Impact: This project will advance scentific knowledge concerning plant growing media, specifically with regard to the physical,chemical and biological characteristics of a range of novel material blends used to create pressed blocks. This will benefit farmers and growers within the UK and worldwide.

Environmental benefits: This project will undertake an environmental assessment of alternative blocking media identified within the trial and this is expected to indicate a significant reduction in CO2 emissions resulting from the adoption of peat-free blocking-media, compared to peat blocks. By developing the use of home-grown peat-free blocking media, nurseries / farms will be less reliant on imports, therefore making the sector more resilient to changes in currency rates and import issues. This will also open-up the option of more UK businesses developing supply chains for home-grown blocking media.

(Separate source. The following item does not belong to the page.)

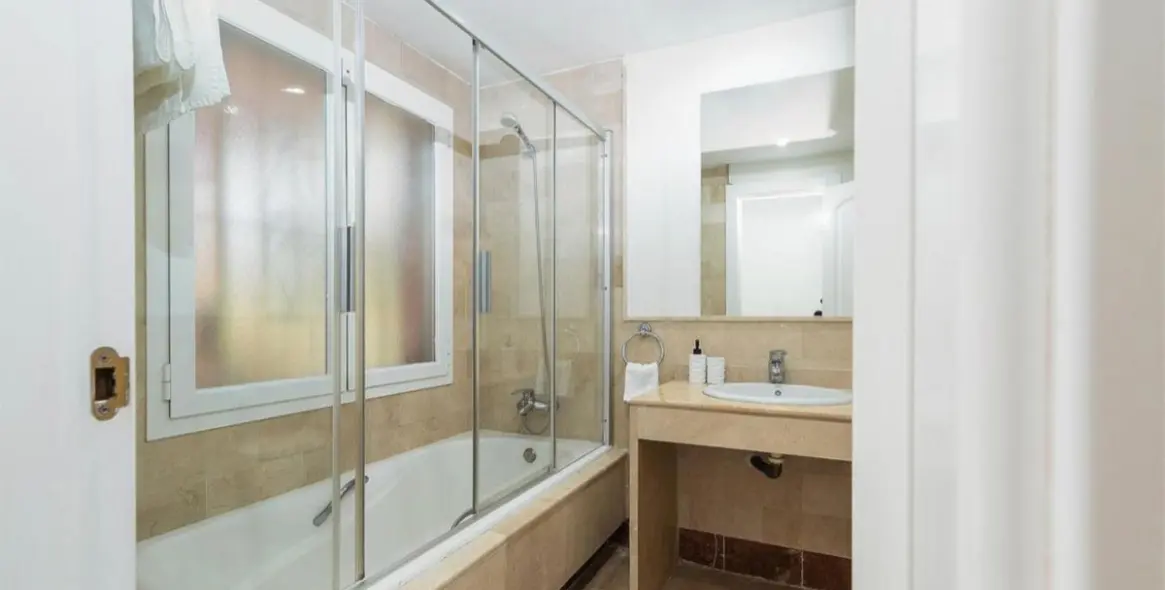 Long-term rent of ground floor apartment in Marbella 26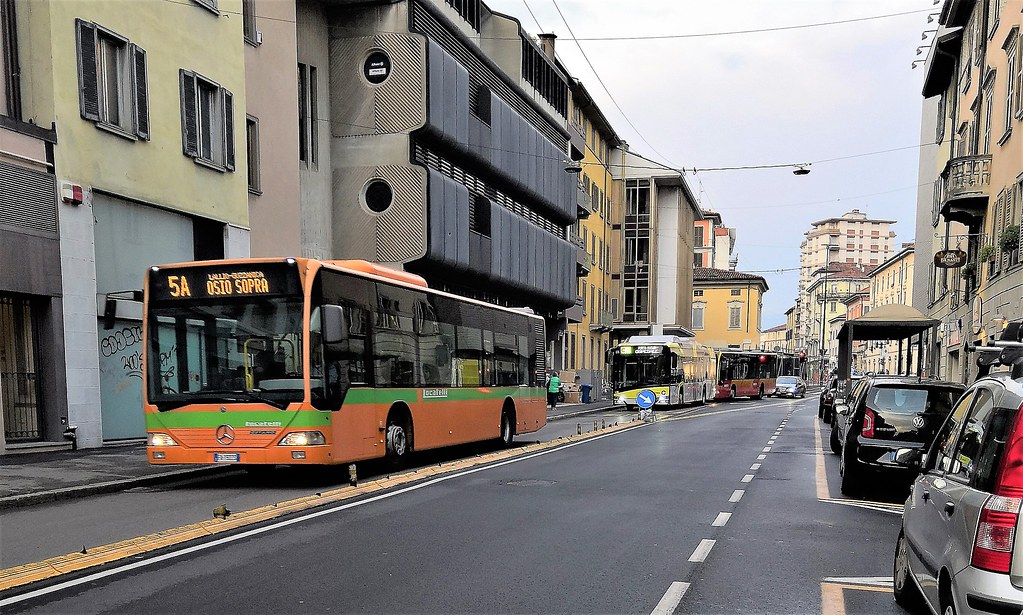 Bergamo - bus ATB | Via Tiraboschi | Ivan Hutz | Flickr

Economic benefits exist for farmers who can continue to use blocks which are more reliable than modules (which can currently be produced without peat, but are considered sub-optimal). By developing the use of home-grown peat-free blocking media, nurseries will be less reliant on imports, therefore making the sector more resilient to changes in currency rates and import issues. This will also open-up the option of more UK businesses developing supply chains for home-grown blocking media.

Outputs

Subject to the IP agreements that will be established at the start of the project academic papers will be published describing the evaluation of the novel growing media blends, their performance when used for block transplant production and implications of their use on economic and environmental sustainability of agricultural systems.